### ===============================================
###  01_Data_Extraction.ipynb
###  Team: The Outliers
###  Course: Advanced Apex Project - BITS Pilani
###  Phase: 1 (Data Acquisition)
### ===============================================


#### Import Dependencies

In [1]:
import os
import pandas as pd

#### Dataset Import

In [2]:
data_path = "../data/AmesHousing.csv"

# Load dataset
df = pd.read_csv(data_path)
print("✅ Dataset Loaded Successfully")
print("Shape:", df.shape)
df.head(3)


✅ Dataset Loaded Successfully
Shape: (2930, 82)


Unnamed: 0,Order,PID,MS SubClass,MS Zoning,Lot Frontage,Lot Area,Street,Alley,Lot Shape,Land Contour,...,Pool Area,Pool QC,Fence,Misc Feature,Misc Val,Mo Sold,Yr Sold,Sale Type,Sale Condition,SalePrice
0,1,526301100,20,RL,141.0,31770,Pave,,IR1,Lvl,...,0,,,,0,5,2010,WD,Normal,215000
1,2,526350040,20,RH,80.0,11622,Pave,,Reg,Lvl,...,0,,MnPrv,,0,6,2010,WD,Normal,105000
2,3,526351010,20,RL,81.0,14267,Pave,,IR1,Lvl,...,0,,,Gar2,12500,6,2010,WD,Normal,172000


#### Verify Data Schema

In [3]:
print("\nColumn Names:\n", df.columns.tolist())
print("\nData Types Summary:\n", df.dtypes.value_counts())


Column Names:
 ['Order', 'PID', 'MS SubClass', 'MS Zoning', 'Lot Frontage', 'Lot Area', 'Street', 'Alley', 'Lot Shape', 'Land Contour', 'Utilities', 'Lot Config', 'Land Slope', 'Neighborhood', 'Condition 1', 'Condition 2', 'Bldg Type', 'House Style', 'Overall Qual', 'Overall Cond', 'Year Built', 'Year Remod/Add', 'Roof Style', 'Roof Matl', 'Exterior 1st', 'Exterior 2nd', 'Mas Vnr Type', 'Mas Vnr Area', 'Exter Qual', 'Exter Cond', 'Foundation', 'Bsmt Qual', 'Bsmt Cond', 'Bsmt Exposure', 'BsmtFin Type 1', 'BsmtFin SF 1', 'BsmtFin Type 2', 'BsmtFin SF 2', 'Bsmt Unf SF', 'Total Bsmt SF', 'Heating', 'Heating QC', 'Central Air', 'Electrical', '1st Flr SF', '2nd Flr SF', 'Low Qual Fin SF', 'Gr Liv Area', 'Bsmt Full Bath', 'Bsmt Half Bath', 'Full Bath', 'Half Bath', 'Bedroom AbvGr', 'Kitchen AbvGr', 'Kitchen Qual', 'TotRms AbvGrd', 'Functional', 'Fireplaces', 'Fireplace Qu', 'Garage Type', 'Garage Yr Blt', 'Garage Finish', 'Garage Cars', 'Garage Area', 'Garage Qual', 'Garage Cond', 'Paved Dri

#### Basic Sanity Checks

In [4]:
# Check how many columns have at least one missing (NaN) value.
# Missing values mean that data is incomplete in some records.
# This helps us identify columns that will need imputation or cleaning in Phase 2.
print("\nAny Missing Values?", df.isnull().any().sum())

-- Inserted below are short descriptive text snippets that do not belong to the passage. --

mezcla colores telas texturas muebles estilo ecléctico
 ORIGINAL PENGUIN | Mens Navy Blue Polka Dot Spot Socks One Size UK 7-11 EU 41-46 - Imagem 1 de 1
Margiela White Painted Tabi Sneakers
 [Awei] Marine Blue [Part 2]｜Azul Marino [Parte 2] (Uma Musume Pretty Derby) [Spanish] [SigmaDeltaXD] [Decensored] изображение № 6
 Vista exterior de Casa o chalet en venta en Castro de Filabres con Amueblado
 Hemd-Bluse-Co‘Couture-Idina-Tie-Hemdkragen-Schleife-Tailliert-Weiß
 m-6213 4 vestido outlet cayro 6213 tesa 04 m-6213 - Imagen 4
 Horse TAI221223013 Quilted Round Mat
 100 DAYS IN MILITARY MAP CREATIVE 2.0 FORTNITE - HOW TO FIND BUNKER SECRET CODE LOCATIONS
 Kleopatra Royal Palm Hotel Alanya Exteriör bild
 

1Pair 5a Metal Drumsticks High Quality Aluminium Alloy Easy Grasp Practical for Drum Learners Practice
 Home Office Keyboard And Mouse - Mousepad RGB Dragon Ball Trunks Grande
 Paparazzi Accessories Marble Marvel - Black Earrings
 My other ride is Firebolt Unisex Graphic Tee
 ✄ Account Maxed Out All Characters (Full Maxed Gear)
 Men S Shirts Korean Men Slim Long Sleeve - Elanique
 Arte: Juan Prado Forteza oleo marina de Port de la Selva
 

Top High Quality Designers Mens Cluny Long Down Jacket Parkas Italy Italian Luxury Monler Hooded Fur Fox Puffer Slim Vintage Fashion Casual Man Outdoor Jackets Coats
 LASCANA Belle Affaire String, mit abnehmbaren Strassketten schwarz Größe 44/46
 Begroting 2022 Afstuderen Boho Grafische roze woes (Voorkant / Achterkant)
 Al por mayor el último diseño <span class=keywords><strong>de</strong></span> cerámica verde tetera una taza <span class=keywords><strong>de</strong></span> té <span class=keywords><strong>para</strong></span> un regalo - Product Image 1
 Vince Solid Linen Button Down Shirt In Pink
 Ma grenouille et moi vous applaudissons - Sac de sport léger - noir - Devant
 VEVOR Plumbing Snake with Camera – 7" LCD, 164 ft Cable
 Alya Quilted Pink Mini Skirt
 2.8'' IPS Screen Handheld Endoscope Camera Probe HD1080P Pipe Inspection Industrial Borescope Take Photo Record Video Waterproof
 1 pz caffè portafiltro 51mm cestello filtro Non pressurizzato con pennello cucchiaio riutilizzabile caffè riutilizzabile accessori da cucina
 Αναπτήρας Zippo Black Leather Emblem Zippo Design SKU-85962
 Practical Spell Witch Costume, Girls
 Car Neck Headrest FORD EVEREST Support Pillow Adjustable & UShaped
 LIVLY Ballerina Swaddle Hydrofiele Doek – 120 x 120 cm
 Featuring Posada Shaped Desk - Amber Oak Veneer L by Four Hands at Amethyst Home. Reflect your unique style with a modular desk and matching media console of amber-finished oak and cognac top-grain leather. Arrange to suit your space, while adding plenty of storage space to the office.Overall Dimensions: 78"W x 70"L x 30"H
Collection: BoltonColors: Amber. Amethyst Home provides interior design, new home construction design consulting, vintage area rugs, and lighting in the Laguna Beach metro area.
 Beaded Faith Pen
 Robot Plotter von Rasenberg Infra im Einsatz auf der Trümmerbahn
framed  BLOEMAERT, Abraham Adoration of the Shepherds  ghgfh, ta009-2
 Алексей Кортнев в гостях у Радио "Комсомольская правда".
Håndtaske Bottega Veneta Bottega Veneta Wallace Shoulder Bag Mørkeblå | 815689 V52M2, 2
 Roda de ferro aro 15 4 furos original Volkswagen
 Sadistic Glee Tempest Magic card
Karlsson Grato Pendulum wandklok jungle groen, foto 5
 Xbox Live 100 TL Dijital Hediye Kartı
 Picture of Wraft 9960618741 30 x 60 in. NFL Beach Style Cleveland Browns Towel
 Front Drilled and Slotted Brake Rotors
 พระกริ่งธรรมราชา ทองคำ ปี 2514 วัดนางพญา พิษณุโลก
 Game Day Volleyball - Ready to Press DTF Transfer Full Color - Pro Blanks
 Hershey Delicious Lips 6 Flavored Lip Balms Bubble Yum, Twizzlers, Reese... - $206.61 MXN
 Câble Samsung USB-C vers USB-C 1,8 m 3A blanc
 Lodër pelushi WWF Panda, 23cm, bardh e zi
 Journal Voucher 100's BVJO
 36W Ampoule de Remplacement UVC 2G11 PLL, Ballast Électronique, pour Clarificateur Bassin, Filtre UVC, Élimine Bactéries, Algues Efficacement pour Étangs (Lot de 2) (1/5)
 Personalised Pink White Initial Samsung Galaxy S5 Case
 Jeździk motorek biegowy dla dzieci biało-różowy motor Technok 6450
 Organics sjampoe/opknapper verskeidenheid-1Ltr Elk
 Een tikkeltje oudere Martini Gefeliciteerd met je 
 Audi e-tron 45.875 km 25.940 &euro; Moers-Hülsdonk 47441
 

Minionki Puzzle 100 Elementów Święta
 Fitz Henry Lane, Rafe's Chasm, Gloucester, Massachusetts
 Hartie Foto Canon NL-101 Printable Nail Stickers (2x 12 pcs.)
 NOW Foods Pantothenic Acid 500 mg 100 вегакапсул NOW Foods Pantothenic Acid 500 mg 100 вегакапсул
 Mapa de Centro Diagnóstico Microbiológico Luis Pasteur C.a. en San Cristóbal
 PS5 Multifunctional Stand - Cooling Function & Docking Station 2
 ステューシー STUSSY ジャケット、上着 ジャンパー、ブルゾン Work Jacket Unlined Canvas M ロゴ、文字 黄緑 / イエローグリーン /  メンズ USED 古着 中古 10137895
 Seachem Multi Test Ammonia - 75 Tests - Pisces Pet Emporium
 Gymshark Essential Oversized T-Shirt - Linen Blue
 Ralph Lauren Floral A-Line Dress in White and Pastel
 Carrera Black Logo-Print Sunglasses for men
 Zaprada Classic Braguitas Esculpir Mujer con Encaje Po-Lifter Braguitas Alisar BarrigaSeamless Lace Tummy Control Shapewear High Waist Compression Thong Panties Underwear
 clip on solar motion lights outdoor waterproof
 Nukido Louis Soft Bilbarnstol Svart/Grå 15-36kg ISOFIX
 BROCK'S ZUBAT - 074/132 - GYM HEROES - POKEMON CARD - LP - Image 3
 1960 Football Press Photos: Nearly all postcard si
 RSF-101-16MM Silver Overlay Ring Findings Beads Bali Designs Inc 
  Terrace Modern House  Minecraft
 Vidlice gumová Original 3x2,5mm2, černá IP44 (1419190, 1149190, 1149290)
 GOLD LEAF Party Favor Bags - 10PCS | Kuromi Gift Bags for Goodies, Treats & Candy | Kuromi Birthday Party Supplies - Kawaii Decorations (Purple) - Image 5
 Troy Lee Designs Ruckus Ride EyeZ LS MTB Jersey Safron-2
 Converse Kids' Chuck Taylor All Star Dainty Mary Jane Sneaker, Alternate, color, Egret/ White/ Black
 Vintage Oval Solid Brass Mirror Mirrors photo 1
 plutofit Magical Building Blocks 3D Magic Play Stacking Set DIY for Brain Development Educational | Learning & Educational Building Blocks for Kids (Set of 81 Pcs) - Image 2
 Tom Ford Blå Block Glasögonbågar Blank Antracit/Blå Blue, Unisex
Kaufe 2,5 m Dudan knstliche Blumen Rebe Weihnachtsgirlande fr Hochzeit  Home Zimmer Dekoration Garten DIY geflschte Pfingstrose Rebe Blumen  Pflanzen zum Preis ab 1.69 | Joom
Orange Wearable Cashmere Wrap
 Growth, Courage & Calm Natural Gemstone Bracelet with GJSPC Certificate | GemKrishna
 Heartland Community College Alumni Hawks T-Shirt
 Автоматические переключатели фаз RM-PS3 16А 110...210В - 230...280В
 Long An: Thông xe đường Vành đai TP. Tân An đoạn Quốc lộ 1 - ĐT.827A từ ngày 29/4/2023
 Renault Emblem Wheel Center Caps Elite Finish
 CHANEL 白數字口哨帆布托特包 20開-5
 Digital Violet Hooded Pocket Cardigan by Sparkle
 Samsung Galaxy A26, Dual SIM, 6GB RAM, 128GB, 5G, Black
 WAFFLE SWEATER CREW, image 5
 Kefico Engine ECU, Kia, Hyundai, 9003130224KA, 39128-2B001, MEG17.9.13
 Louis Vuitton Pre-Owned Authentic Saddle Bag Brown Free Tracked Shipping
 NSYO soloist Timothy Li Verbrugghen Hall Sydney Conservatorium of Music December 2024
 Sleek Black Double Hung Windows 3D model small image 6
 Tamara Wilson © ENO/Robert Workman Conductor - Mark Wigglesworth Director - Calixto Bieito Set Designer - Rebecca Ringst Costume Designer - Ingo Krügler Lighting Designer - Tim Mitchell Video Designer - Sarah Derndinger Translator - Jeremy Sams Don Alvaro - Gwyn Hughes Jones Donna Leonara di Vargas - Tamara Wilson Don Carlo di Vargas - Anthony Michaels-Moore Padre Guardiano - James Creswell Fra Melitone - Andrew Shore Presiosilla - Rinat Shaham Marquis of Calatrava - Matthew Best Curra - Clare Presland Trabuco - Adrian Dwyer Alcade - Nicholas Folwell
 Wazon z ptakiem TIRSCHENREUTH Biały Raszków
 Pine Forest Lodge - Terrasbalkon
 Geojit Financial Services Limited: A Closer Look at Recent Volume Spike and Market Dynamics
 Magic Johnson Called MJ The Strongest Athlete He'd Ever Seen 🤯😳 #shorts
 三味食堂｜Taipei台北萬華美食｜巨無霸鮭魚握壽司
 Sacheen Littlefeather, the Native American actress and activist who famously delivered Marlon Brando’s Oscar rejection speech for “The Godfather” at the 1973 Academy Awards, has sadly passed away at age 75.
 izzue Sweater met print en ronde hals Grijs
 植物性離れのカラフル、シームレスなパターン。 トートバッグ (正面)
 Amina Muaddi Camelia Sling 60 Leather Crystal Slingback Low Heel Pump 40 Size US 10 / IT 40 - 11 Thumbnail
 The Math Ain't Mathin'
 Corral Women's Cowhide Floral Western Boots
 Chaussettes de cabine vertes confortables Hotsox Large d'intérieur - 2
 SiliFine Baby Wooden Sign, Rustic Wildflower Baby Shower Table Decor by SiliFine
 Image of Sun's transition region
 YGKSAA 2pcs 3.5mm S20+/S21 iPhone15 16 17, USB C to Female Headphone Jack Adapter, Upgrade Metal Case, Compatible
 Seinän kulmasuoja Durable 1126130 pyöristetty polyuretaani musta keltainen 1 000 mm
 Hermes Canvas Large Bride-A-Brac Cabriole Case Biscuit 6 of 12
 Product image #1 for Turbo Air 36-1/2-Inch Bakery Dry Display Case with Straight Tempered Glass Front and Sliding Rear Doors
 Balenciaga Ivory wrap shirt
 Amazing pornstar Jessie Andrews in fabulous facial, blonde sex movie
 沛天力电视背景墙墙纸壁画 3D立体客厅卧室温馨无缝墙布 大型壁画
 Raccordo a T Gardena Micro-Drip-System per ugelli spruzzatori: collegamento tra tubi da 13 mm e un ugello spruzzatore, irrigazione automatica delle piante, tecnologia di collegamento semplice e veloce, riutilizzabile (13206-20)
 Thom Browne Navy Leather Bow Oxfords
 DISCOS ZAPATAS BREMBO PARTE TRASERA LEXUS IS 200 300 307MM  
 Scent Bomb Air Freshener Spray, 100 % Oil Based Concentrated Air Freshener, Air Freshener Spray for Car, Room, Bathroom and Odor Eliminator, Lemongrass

# Count duplicate rows in the dataset.
# Duplicate rows are exact copies of other rows and can distort model learning,
# so they should be removed during preprocessing.
print("Duplicate Rows:", df.duplicated().sum())

# Identify columns that have all unique values — meaning no two rows share the same value in that column.
# These columns can serve as identifiers (like 'PID' or 'Order'), not as model features.
print("Unique Identifier Columns:", [col for col in df.columns if df[col].is_unique])


Any Missing Values? 27
Duplicate Rows: 0
Unique Identifier Columns: ['Order', 'PID']


#### Save Metadata Summary

In [5]:
# Create a small reference table (DataFrame) that captures key information 
# about every column in the dataset. This will help in Phase 2 
# when we start cleaning and preprocessing the data.

schema_summary = pd.DataFrame({
    # Column name in the dataset
    "Feature": df.columns,
    
    # Data type of each column (e.g., int64, float64, object)
    # Using .astype(str) to make sure all types are stored as readable text
    "Data Type": df.dtypes.astype(str),
    
    # Count how many missing (NaN) values each column has
    # This helps us identify which columns need imputation or can be dropped
    "Missing Values": df.isnull().sum(),
    
    # Count of unique (distinct) values per column
    # This helps detect identifier columns or categorical variables
    "Unique Values": [df[col].nunique() for col in df.columns]
})

# Save the schema summary to the docs folder as a CSV file
# This ensures we have a quick reference document for dataset metadata
schema_summary.to_csv("../docs/schema_summary.csv", index=False)

# Display the first few rows of the schema summary for review
schema_summary.head()

Unnamed: 0,Feature,Data Type,Missing Values,Unique Values
Order,Order,int64,0,2930
PID,PID,int64,0,2930
MS SubClass,MS SubClass,int64,0,16
MS Zoning,MS Zoning,object,0,7
Lot Frontage,Lot Frontage,float64,490,128


#### Cross-Check with Data Dictionary

In [6]:
# Load the data dictionary Excel file
# (Requires openpyxl to read .xlsx files)
data_dict = pd.read_excel("../docs/data_dictionary.xlsx")

# Compare column names between dataset and dictionary
missing_cols = set(df.columns) - set(data_dict["Feature"])

# Print out any columns that exist in dataset but not in dictionary
print("Columns missing in data dictionary:", missing_cols)

Columns missing in data dictionary: set()